Methodologically we separate two layers: the live probability (Polymarket mid-price) and the platform attributes (fee, KYC, settlement currency, payment rails). That keeps the comparison honest — a single canonical probability across the row, with the venue-by-venue trade-offs spelt out in the columns next to it.

Resolution & payout

Settlement runs on-chain. Polymarket's contract logic separates YES and NO shares as conditional tokens; at resolution the winning share lifts to $1.00 and the losing one to $0. The outcome input comes from the UMA Optimistic Oracle, which secures against bad resolution with a bond + dispute window.

Once finalised, the smart contract pays USDC to the holders' wallets within minutes — no withdrawal fees beyond Polygon network gas.
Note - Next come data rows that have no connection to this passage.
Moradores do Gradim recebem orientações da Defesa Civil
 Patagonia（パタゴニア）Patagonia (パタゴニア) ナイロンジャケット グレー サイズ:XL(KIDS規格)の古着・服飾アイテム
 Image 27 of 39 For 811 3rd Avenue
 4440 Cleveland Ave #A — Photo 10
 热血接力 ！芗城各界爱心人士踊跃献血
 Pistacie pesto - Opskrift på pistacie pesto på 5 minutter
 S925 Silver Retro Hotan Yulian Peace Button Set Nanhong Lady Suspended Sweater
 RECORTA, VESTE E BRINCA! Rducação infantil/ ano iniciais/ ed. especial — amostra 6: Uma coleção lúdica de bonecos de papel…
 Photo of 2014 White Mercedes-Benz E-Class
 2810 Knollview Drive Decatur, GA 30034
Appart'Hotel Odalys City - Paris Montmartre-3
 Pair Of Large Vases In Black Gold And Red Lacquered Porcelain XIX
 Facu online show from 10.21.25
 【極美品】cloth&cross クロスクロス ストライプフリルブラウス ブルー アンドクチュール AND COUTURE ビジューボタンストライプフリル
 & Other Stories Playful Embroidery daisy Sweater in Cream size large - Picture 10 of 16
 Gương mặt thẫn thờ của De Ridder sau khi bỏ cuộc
Kalshi settles in USD via CFTC clearance, Betfair in account currency net of commission, Manifold in play-money mana with no cash-out.

FAQ

How does resolution work?
Through the UMA Optimistic Oracle on Polygon: a proposer submits the outcome, a two-hour challenge window opens, and USDC payouts settle automatically once the result is final.
What's the difference between YES and NO shares?
A YES share pays $1.00 if the event happens, $0 otherwise. A NO share pays $1.00 if the event doesn't happen. The market price between 0¢ and 100¢ is the implied probability.
What does Polymarket cost to trade?
Polymarket itself charges 0% — the only cost is the Polygon network fee, typically under $0.01 per transaction. Off-chain venues like Kalshi or Betfair charge 2-7% commission.
Do I need to KYC for this market?
On Polymarket directly, no — it's wallet-based. Intermediary brokers like Polymarket Bot UK trigger KYC only above $1,500 of lifetime trading volume; under that you trade pseudonymously with a single wallet address.
How reliable are the quoted odds?
The YES/NO percentages are the live mid-prices of the Polymarket order book. On deep markets they move every few seconds; on thinner ones you'll see short plateaus.